(Crawled caption data)
[Start of Attachment]

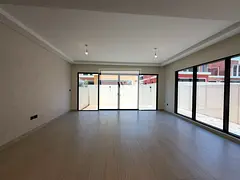 band new | prime location | close to lagoons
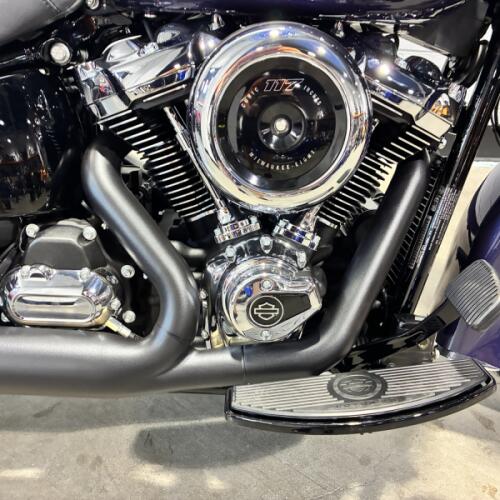 2026 Harley-Davidson® Heritage Classic Purple Abyss FLHC thumb 0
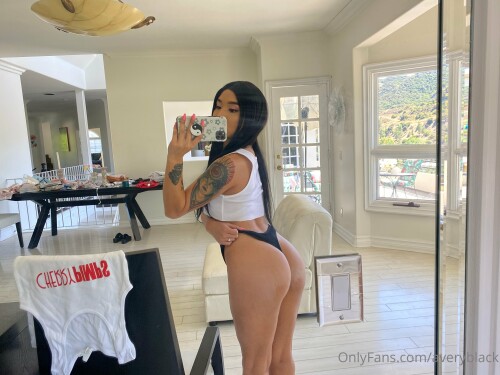 Avery Black | averyblack Nude Leaked Onlyfans Photo Avery Black | averyblack Nude Leaked Onlyfans Photo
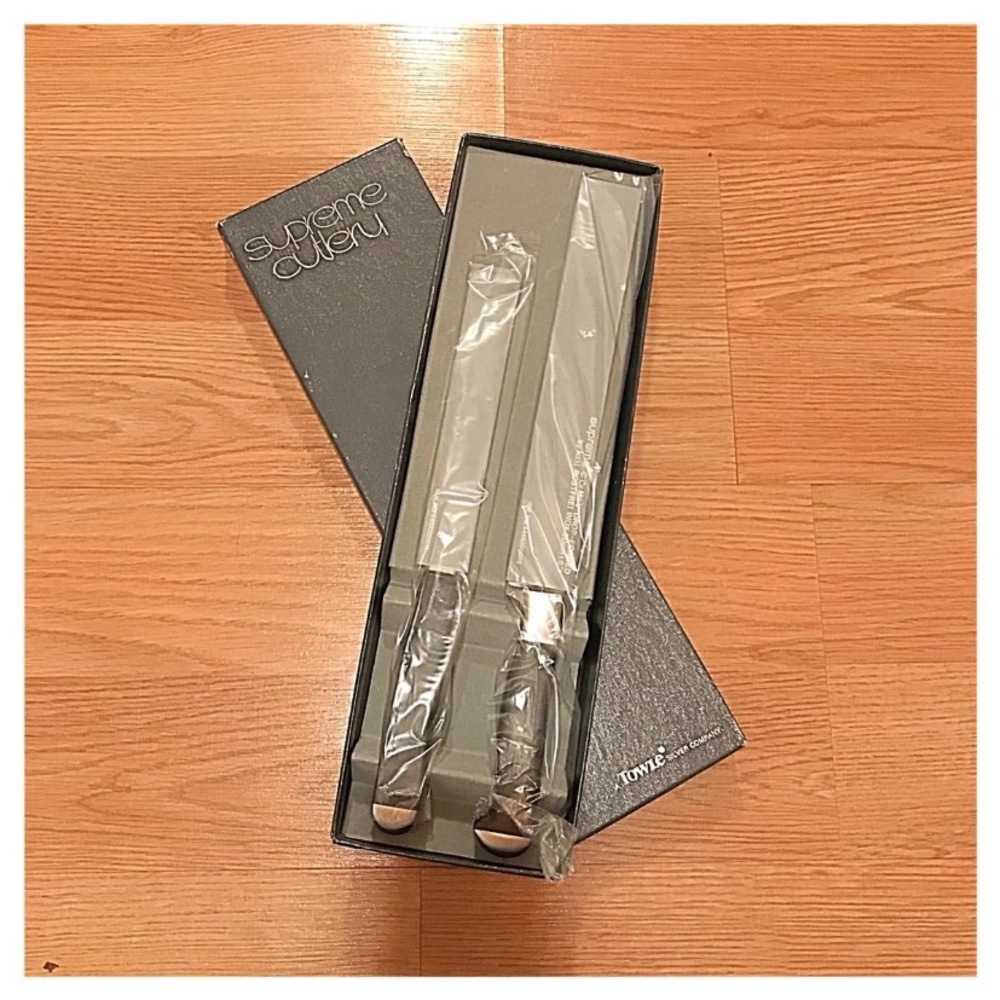 NIB {Supreme Cutlery} Set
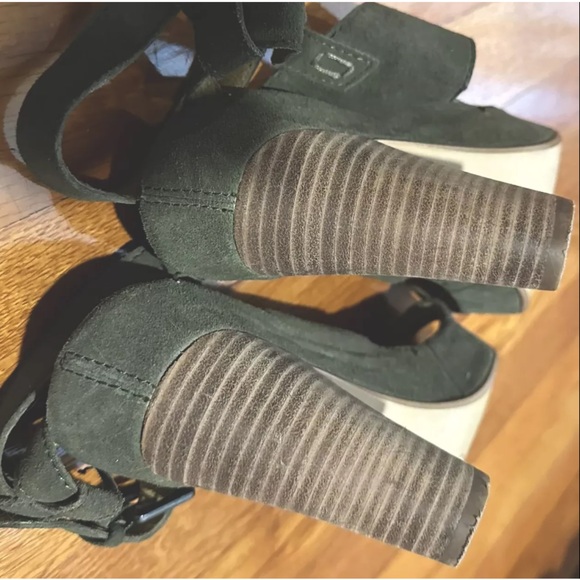 APEPAZZA Platform Sandals. Stacked Heel. Earthy Green Suede. - Picture 6 of 8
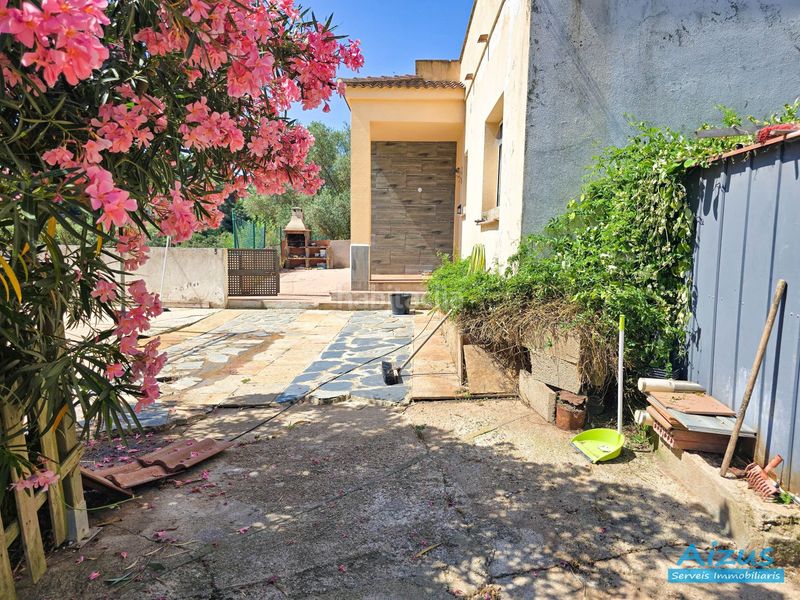 Foto fbf04e50-3566-45b8-9eb2-5375ee9295bc. Casa amb xemeneia aparcament a Santa Susanna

[End of Attachment]

» PROBLEM: The range runs from the line containing "2026 Harley-Davidson® Heritage" through the end of the entries; print those lines exactly and leave the pictures out.

» REPLY:
 2026 Harley-Davidson® Heritage Classic Purple Abyss FLHC thumb 0
 Avery Black | averyblack Nude Leaked Onlyfans Photo Avery Black | averyblack Nude Leaked Onlyfans Photo
 NIB {Supreme Cutlery} Set
 APEPAZZA Platform Sandals. Stacked Heel. Earthy Green Suede. - Picture 6 of 8
 Foto fbf04e50-3566-45b8-9eb2-5375ee9295bc. Casa amb xemeneia aparcament a Santa Susanna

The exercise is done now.